The plaintiffs then moved for summary judgment, alleging, inter alia, that the purchase of Stony Lodge Hospital, Inc. by Drs. Pottash and Gold constituted a breach of the fiduciary duties owed by them to Dr. Neumann and Falkirk Hospital. The defendants' cross motion for partial summary judgment dismissing the claims based on an alleged fiduciary relationship was granted and this appeal ensued.
Contrary to the plaintiffs' contentions, the agreement between the parties did not create a fiduciary relationship. At the time the parties executed the contract in issue, Dr. Neumann was well aware of the fact that Drs. Pottash and Gold, through MMG and various other corporate entities known collectively as the Fair Oaks Group, were providing clinical services and clinical administrative services to numerous private psychiatric facilities similar to Falkirk. While the contract makes MMG the exclusive provider of clinical services and clinical administrative services at Falkirk, nowhere in this detailed contract is there any attempt to limit or restrict the right of MMG or the individual defendants to provide such services to any other facility.
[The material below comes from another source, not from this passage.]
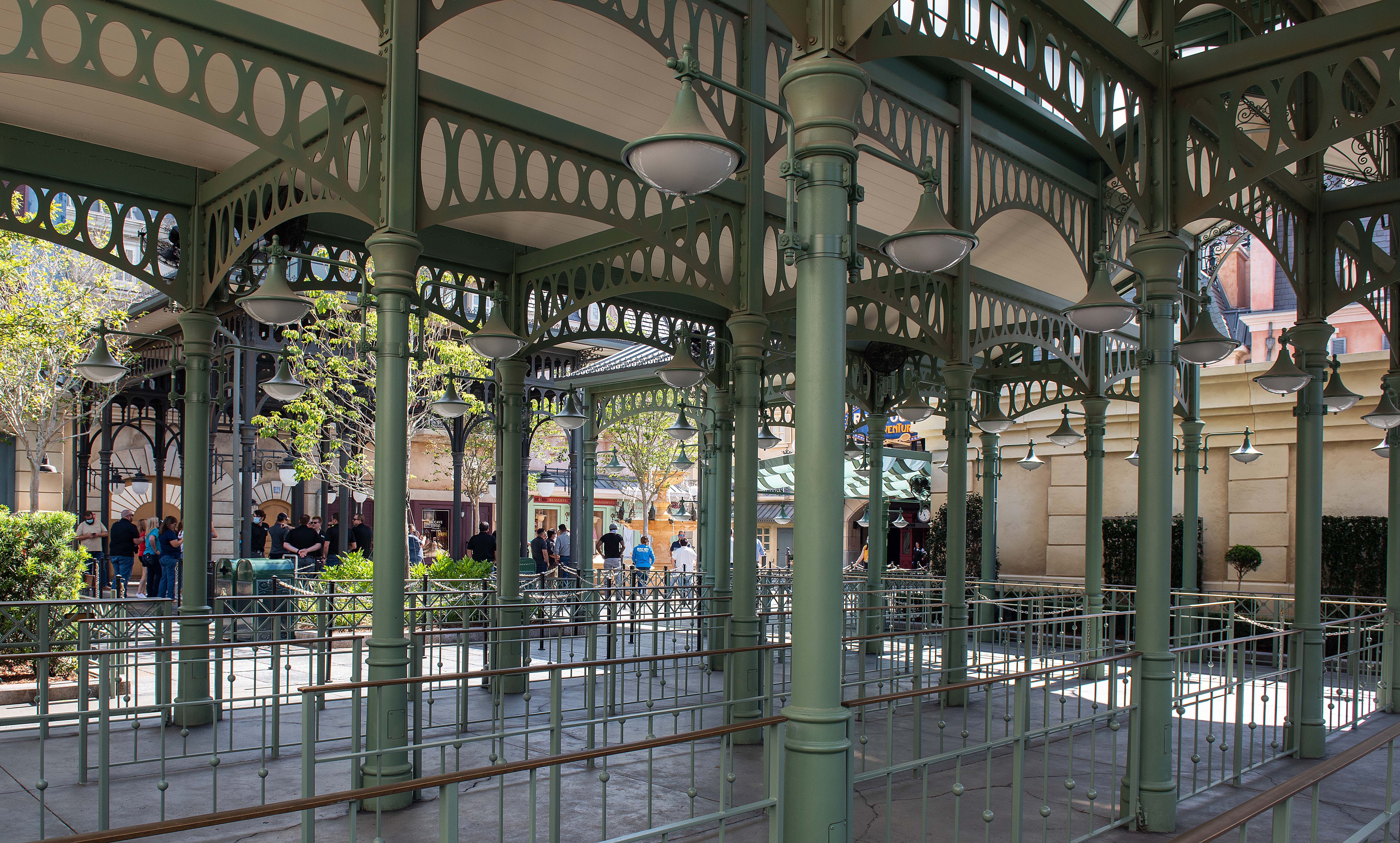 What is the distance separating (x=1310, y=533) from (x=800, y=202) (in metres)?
7.30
Thus, it was clearly understood by the parties from the outset that MMG would be permitted to provide clinical services and clinical administrative services for other facilities such as Stony Lodge Hospital without violating any duty owed to the plaintiffs (Restatement [Second] of Agency § 393 [1958]). Nor is there merit to the plaintiffs' claim that the defendants breached a fiduciary duty in allegedly diverting referrals from Falkirk to Stony Lodge. At the outset, it should be noted that nothing in the contract requires the defendants to make or obtain referrals for Falkirk. In fact, a provision in the contract inferentially requiring MMG to make referrals to Falkirk was stricken prior to execution. In spite of this, the plaintiffs entered into the contract based upon the expectation that the reputation of the Fair Oaks Group would attract referrals.
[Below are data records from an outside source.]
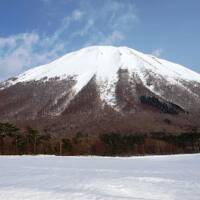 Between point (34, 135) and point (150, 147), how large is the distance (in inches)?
1492

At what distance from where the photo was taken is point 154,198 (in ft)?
72.9

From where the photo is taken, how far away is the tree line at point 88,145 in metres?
115

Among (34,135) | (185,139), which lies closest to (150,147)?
(185,139)

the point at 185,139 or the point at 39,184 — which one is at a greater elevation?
the point at 185,139

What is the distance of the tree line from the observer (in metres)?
115

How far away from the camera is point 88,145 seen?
133750mm

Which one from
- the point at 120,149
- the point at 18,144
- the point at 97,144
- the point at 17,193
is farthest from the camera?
the point at 97,144

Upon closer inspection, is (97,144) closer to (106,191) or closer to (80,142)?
(80,142)

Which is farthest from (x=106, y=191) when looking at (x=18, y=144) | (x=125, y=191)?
(x=18, y=144)

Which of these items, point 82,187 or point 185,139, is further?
point 185,139

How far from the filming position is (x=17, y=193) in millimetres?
20922

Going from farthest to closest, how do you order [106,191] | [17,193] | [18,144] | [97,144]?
[97,144] → [18,144] → [106,191] → [17,193]

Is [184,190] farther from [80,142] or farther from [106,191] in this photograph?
[80,142]

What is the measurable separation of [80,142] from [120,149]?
16184 mm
A fair reading of the contract established that MMG agreed only to provide clinical services and clinical administrative services to Falkirk, as well as to other similar facilities, which it has done. The actions of Drs. Pottash and Gold in acquiring Stony Lodge Hospital did not violate any fiduciary duty. Therefore, the Supreme Court was correct in dismissing those causes of action predicated upon an alleged breach of a fiduciary duty. Similarly, Dr. Neumann could not assert the alleged breach as a defense to the counterclaim on the demand promissory note executed by him in favor of MMG, which was executed to secure payment for services rendered previously by MMG.
We have examined the plaintiffs' remaining contentions and find them to be without merit. Lawrence, J.P., Sullivan, Harwood and Balletta, JJ., concur.